# TASK
Copy, exactly and without additions, every line in the records below from the one holding "Mercedes-Benz GLA 250 4-Matic AMG Line - 10" through the one holding "lot 7 image: Simplehuman", both ends included.
——
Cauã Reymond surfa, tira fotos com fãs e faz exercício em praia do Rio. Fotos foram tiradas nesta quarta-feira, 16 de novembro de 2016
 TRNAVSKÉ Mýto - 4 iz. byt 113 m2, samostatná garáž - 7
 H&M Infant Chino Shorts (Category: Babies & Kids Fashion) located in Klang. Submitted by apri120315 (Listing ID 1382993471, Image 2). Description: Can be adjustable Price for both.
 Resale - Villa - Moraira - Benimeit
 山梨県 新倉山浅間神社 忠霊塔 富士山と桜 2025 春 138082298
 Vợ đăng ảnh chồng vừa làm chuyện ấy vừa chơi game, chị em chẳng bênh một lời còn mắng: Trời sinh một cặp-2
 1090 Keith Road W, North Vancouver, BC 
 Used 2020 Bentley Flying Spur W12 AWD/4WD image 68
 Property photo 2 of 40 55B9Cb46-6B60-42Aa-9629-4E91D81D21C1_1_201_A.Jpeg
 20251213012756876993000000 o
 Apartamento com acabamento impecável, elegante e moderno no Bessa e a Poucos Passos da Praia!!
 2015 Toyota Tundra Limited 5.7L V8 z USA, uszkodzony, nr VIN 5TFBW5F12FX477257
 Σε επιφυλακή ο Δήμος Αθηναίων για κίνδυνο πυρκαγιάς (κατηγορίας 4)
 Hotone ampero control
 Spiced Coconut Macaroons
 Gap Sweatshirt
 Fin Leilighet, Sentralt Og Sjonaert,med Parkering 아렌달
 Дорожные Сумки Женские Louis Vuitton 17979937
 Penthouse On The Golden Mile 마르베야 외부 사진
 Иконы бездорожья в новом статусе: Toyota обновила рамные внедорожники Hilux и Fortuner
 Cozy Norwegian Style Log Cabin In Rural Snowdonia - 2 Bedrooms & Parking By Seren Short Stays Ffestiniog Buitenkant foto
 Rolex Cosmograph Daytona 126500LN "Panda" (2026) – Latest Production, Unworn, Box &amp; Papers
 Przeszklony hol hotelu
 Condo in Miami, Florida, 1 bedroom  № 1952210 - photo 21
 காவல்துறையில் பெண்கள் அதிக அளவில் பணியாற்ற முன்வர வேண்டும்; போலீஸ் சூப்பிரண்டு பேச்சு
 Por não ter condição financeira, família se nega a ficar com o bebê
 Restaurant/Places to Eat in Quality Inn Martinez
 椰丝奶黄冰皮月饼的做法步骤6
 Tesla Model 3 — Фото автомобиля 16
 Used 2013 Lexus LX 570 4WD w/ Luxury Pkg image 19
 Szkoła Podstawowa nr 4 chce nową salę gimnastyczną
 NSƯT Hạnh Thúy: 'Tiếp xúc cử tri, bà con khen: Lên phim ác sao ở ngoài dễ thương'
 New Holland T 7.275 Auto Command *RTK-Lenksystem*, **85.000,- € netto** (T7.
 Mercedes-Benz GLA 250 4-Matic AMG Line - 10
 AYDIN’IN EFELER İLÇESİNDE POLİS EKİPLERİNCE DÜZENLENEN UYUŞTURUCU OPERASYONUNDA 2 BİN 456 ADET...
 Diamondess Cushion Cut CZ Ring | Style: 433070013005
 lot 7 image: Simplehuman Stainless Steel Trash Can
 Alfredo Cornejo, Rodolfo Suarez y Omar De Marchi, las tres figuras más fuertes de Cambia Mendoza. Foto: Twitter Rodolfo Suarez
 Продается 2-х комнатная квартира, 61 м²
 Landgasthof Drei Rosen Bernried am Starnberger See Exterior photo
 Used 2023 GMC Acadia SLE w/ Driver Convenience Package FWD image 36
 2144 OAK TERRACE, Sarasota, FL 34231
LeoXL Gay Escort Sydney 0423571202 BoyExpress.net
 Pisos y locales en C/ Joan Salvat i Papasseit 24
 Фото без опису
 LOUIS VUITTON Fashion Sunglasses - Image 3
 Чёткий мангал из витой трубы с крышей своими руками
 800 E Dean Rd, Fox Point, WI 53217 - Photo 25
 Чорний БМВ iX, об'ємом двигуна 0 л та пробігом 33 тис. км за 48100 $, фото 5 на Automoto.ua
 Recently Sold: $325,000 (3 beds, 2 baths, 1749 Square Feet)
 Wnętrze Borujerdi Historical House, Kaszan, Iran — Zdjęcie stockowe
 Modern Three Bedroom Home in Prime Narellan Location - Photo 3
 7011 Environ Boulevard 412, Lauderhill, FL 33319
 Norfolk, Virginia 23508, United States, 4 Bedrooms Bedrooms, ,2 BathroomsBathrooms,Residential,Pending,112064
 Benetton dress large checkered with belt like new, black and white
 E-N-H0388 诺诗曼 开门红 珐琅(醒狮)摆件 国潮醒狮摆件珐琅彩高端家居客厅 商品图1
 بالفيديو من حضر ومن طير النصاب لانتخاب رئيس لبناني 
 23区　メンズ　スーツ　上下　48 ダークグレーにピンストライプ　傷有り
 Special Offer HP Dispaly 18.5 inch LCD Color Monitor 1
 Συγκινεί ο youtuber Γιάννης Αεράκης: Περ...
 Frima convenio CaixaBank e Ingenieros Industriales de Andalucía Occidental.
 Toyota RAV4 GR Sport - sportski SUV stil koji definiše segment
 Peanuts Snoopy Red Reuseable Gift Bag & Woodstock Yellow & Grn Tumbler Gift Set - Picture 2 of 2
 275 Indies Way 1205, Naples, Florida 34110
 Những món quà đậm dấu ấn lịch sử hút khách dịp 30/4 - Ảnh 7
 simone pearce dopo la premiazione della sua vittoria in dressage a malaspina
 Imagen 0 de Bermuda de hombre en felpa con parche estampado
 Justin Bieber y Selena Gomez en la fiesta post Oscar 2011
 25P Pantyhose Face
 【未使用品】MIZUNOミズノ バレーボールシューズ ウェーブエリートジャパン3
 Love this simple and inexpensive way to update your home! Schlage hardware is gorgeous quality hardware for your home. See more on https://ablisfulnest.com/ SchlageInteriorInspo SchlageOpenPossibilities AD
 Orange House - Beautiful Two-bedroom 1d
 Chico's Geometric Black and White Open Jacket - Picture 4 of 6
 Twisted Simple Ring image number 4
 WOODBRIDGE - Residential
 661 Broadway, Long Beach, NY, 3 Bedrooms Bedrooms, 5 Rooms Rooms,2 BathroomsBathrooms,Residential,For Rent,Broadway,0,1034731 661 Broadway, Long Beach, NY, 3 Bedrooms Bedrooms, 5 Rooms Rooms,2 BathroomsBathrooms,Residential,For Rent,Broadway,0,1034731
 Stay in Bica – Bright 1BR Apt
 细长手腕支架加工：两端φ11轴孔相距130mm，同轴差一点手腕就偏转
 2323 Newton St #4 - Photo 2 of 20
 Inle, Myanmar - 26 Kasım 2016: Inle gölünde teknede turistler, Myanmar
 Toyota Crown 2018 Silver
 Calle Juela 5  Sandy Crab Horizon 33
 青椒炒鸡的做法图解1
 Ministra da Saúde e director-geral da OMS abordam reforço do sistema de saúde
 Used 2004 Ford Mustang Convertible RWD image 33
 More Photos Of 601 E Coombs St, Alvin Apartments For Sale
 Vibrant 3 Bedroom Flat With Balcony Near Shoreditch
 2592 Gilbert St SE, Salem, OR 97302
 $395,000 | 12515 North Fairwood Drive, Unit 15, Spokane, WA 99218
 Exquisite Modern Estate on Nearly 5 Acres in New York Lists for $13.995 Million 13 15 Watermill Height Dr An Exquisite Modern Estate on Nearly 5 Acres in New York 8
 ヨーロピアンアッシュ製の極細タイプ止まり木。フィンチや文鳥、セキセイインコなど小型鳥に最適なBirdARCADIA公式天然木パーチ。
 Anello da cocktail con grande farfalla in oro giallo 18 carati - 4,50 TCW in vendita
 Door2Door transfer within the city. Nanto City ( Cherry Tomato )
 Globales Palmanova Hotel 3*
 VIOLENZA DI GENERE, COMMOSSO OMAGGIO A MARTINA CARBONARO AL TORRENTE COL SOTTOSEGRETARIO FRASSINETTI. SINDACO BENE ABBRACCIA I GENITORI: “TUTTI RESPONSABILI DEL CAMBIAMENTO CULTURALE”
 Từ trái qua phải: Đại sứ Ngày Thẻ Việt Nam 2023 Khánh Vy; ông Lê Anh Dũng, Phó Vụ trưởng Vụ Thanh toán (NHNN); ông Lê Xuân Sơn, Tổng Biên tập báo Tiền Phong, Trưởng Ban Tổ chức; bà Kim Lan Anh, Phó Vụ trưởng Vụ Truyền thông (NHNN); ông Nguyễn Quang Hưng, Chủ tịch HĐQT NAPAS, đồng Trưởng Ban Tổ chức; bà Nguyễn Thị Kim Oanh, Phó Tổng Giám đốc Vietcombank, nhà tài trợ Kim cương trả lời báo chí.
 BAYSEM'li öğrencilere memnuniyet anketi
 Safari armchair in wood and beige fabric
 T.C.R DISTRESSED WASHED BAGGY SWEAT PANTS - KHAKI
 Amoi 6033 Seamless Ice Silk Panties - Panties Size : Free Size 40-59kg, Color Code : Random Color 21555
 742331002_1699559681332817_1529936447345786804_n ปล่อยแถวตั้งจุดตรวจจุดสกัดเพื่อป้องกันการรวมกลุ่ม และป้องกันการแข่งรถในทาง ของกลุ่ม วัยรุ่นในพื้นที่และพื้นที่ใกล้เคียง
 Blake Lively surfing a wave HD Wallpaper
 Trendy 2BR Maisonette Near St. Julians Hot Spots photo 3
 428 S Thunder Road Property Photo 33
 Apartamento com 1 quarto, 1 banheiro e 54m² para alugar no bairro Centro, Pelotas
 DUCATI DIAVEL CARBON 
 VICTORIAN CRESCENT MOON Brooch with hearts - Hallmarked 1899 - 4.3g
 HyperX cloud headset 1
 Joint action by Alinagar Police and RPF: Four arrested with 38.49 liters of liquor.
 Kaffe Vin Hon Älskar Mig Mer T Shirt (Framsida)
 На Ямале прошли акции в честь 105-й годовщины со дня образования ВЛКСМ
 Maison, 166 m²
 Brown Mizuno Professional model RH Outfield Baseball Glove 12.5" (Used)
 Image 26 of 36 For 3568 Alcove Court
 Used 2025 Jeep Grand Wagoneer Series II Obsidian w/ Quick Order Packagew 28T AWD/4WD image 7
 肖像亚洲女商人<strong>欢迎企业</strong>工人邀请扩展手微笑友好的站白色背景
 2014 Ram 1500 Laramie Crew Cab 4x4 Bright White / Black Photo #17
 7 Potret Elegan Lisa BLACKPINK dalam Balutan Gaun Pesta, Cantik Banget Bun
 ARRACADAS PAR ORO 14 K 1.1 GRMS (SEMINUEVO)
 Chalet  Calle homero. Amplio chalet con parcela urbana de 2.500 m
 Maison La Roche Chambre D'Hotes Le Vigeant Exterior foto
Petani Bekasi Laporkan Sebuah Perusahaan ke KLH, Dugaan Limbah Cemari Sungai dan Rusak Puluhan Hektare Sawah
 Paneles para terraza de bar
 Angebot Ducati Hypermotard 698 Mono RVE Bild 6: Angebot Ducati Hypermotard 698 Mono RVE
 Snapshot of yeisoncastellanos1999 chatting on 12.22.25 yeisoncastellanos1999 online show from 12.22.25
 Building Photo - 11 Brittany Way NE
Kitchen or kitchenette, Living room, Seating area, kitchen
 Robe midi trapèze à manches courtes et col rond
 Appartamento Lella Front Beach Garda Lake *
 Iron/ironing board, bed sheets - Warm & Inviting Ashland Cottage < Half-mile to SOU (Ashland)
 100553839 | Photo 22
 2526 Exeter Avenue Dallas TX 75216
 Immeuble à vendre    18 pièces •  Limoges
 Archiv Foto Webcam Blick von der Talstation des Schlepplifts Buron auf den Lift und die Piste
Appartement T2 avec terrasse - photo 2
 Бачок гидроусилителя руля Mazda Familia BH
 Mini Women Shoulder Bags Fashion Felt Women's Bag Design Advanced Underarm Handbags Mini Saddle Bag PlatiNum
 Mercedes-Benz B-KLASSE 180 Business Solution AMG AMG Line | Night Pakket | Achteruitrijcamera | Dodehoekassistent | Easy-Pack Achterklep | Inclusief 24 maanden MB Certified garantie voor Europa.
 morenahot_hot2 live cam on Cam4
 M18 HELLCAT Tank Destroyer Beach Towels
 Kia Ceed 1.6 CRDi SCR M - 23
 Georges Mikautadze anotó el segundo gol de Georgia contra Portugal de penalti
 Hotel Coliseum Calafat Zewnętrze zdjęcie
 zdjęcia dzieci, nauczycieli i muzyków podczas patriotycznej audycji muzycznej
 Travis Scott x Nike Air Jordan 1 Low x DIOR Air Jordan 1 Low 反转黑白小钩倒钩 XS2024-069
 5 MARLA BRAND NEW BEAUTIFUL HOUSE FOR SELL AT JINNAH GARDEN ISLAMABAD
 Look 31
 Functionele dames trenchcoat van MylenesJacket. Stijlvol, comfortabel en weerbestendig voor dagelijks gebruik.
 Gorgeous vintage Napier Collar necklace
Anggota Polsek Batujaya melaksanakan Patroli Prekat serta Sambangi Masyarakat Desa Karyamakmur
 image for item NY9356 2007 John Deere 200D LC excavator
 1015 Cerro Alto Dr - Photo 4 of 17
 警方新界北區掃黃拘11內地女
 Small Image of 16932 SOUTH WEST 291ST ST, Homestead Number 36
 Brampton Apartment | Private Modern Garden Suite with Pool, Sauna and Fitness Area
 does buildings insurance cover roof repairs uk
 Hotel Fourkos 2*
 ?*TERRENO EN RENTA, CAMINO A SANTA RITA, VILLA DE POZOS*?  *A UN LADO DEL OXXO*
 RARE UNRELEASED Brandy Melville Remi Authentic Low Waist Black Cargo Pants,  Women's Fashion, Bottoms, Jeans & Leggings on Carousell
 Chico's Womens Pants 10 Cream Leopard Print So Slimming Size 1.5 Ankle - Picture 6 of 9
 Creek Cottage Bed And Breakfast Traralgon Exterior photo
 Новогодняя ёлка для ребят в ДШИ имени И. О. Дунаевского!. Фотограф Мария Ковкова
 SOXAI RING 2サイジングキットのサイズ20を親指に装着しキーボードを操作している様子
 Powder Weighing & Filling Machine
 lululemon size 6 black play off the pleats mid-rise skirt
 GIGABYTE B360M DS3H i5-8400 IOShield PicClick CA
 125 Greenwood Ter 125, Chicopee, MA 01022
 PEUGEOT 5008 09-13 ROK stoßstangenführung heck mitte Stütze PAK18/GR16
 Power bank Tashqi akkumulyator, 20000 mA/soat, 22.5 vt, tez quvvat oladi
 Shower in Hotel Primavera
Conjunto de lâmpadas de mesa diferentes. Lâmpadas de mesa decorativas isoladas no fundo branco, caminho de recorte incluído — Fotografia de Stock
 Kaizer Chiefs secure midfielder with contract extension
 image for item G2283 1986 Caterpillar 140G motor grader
——
# TASK RESPONSE
 Mercedes-Benz GLA 250 4-Matic AMG Line - 10
 AYDIN’IN EFELER İLÇESİNDE POLİS EKİPLERİNCE DÜZENLENEN UYUŞTURUCU OPERASYONUNDA 2 BİN 456 ADET...
 Diamondess Cushion Cut CZ Ring | Style: 433070013005
 lot 7 image: Simplehuman Stainless Steel Trash Can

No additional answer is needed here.